Regarding the Kruskal-Wallis test there still seems to be some confusion. Like the (Mann-Whitney)Wilxocon test, it is by principle *not* a test of the medians. It is a test of the rank distribution. It *reduces* to a test for location (medians) if and only if all other moments of the distributions are the same in all groups. This is particularily *not* the case when the variances are not equal. Thus, claiming that a KW test should be done if there is heteroscedasticity is a bad advice; in this case the test surely will work - but is does actually NOT test what the scientist expects to test!
You may use ANOVA with small sample sizes, too, if the conditions (normality, homoscedasticity, independence) are satisfied and you are studying the differences between the means.
Whether ANOVA is the optimal method or not depends on the multiple details.

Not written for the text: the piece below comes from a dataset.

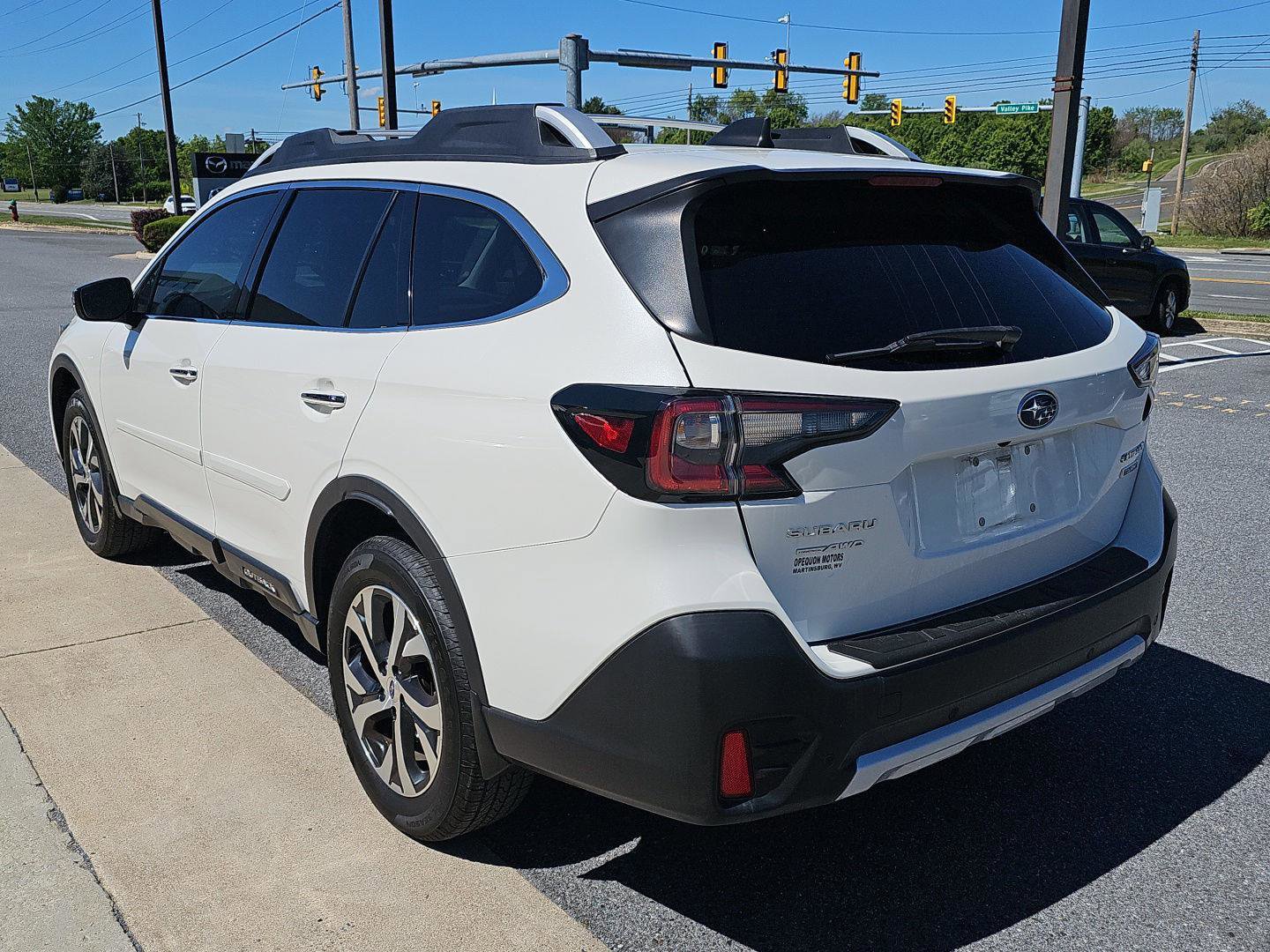 Used 2020 Subaru Outback Touring w/ Popular Package #2 AWD/4WD image 4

If you have three and more independent groups and in each group there are six or more experimental units and normality in each group and equal variances between groups the One way ANOVA can be used. If you do not have normality ( after log transformation ), but equal variances between groups are meet the Kruskal–Wallis test can be used. If the data set is dependent by time and both normality and sphericity are meet the repeated measurement RMANOVA can be used. If the one of assumptions was not meet the Friedman test is appropriate statistical analysis.
It all depends on what you are trying to analyze. Are you interested in comparing means? If so, ANOVA or Kruskal-Wallis may be the way to go. But, mind you, ANOVA is based on some severe restrictions, as pointed out above: homokedasticity, asymptotic normality, independence). So you may start by exploring your data, making some boxplots and possibly apply Barlett's test for variance homogeinity.
If you provide more details, we will be happy to provide some more specific help.
With n=6 per group, any of the methods may not work well. To check the assumption of normality, homoscedasticity may not be done properly. One simple way may be to use two-sample t-test with unequal variance and correct the degrees of freedom by Satterwaite approach, provided you want to compare the means.
Well, you don't have to teach me what Kruskal-Wallis is, thanks. As for your observation regarding boxplots, you are absolutely right, they are not of much help. I'm sorry to have missed the small sample size the first time.
@Abraham
Increasing sample size, if possible, may be highly desirable. Bayesian methods can help you handle small sample size, if you have considerable information to add to the analysis. Check this:
Regarding the Kruskal-Wallis test there still seems to be some confusion. Like the (Mann-Whitney)Wilxocon test, it is by principle *not* a test of the medians. It is a test of the rank distribution. It *reduces* to a test for location (medians) if and only if all other moments of the distributions are the same in all groups. This is particularily *not* the case when the variances are not equal. Thus, claiming that a KW test should be done if there is heteroscedasticity is a bad advice; in this case the test surely will work - but is does actually NOT test what the scientist expects to test!
The Kruskal-Wallis test only operates on the ranks of the data, not the data themselves, so it can NOT calculate or compare means. The suggested use of the test is when the shape of the distributions is the same, in this case saying that the test compares medians is an expressive way of talking about locations.
One could ask, though, if we compare populations where the shapes of the distributions are the same and not normal, why couldn't we phrase the differences in locations as differences in means. My answer would be that the means of skewed distributions are strongly influenced by the values in the tail area of the distribution, while rank based methods like the median and the KW test are not.
"One could ask, though, if we compare populations where the shapes of the distributions are the same and not normal [...]"
Can anyone give me a real-world example where this is the case? AFAIK most skewed distributions can reasonably/sensibly be modeled by a log-normal, by a gamma- or by a beta distribution, other rather rare cases by exponential- Weibull- or other distributions; that is, based on theoretical considerations about the fundamental sources of uncertainty/variability and its propagation to the measured response variable.
@Gabor, I know, I know. There was nothing wrong about it (at least to my understanding). I am honestly just wondering where such a scenario does play a role in practice, what are cases where KW or MW can be applied to test a location shifts (differences in medians)?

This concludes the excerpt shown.